Мы с Тилем росли в большой бедности, хотя и совершенно не задумывались об этом, – разве что в первые два-три года после войны. Нам тогда все время хотелось есть, а мама не могла раздобыть достаточно еды. Ели салаты из листьев одуванчика, мама делала сироп из подорожника и свежих побегов сосны. Первый больше походил на лекарство от кашля и простуды, второй заменял сахар. Один-единственный раз в неделю мы брали у пекаря в деревне половину батона – он полагался нам по талону на питание. Мама ножом отмечала на нем деления на каждый день, с понедельника по воскресенье, и получалось, что на каждого приходится по одному ломтю хлеба в день. Но когда голод одолевал нас по-настоящему, мы получали завтрашние кусочки вперед срока – ведь мама всегда надеялась найти для нас что-нибудь еще, – и чаще всего хлеб просто заканчивался к пятнице, а нас ожидали особенно тяжкие суббота и воскресенье. Мне навсегда врезался в память один эпизод: как-то раз мы с братом вцепились в мамину юбку и оба ныли от голода. Она отшвырнула нас, резко отвернулась и обернулась вновь, а ее лицо выражало гнев и отчаяние, каких я не видел ни до, ни после. А затем очень спокойно, полностью держа себя в руках, она сказала: «Мальчики, если бы я могла срезать вам мяса с собственных ребер, я бы срезала – но не могу». В тот момент мы научились никогда не ныть. Культуру жалости к себе я на дух не переношу.

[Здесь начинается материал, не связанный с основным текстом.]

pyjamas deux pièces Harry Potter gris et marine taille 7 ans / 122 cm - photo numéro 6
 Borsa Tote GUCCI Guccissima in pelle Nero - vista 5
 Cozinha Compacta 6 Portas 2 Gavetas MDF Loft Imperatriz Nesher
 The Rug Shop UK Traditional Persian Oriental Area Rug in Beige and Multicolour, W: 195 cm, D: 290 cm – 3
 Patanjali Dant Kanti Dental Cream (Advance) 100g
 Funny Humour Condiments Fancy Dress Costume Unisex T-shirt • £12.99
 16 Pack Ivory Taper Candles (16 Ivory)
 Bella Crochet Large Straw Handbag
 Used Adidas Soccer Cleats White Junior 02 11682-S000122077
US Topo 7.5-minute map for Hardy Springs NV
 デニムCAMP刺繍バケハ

Бедность была повсюду и совсем не казалась нам странной, за исключением отдельных редких моментов. В деревенской школе, в общем помещении для первых четырех классов, где все учились одновременно, были дети, нуждавшиеся гораздо сильнее нас, – с отдаленных хуторов, расположенных на склонах выше долины. Один из них, Луи Гауцен, вечно опаздывал. Думаю, каждый день еще до рассвета ему приходилось работать дома в конюшнях, и потому он всегда задерживался. Зимой он спускался с горы на санках по крутому ущелью и появлялся в классе весь в снегу, с головы до ног, когда занятия давно уже начались. Не здороваясь и волоча за собой заиндевевшие санки, он проходил мимо фройляйн Хупфауэр, нашей учительницы, и каждый раз объяснялся одинаково: «Извините, меня выбросило на повороте». Лица его я уже не помню, но помню, как однажды в начале лета, когда Луи был все в той же куртке, от которой несло конюшней, учительница велела ему снять ее, потому что уже тепло, а Луи сделал вид, что ничего не слышал. Он проигнорировал и все повторные, уже раздраженные просьбы учительницы и в итоге схлопотал указкой по рукам. Скажу сразу, что фройляйн Хупфауэр была замечательной женщиной: даже ведя уроки по четырем разным предметам, она сумела передать нам свои знания и энтузиазм, любознательность и уверенность в себе. А указка тогда была частью образовательного инвентаря – никто не возмущался. В наказание за плохое поведение приходилось вставать на колени перед кафедрой, а за действительно серьезный проступок – коленями на полено, но мы не воспринимали это как что-то из ряда вон. Даже после этого Луи по-прежнему не хотел снимать куртку, так что все в классе, а нас было, наверное, около двадцати шести мальчиков и девочек в возрасте от шести до десяти лет, уставились на него. От этого его горе сделалось еще горше, и он принялся беззвучно рыдать. Этот немой плач до сих пор заставляет мое сердце сжиматься. Наконец Луи стянул куртку, и под ней оказалась его единственная рубашка. Она была застирана до дыр и изодрана в лохмотья, которые свисали с плеч. Тут учительница и сама заревела и помогла ему снова надеть куртку через голову.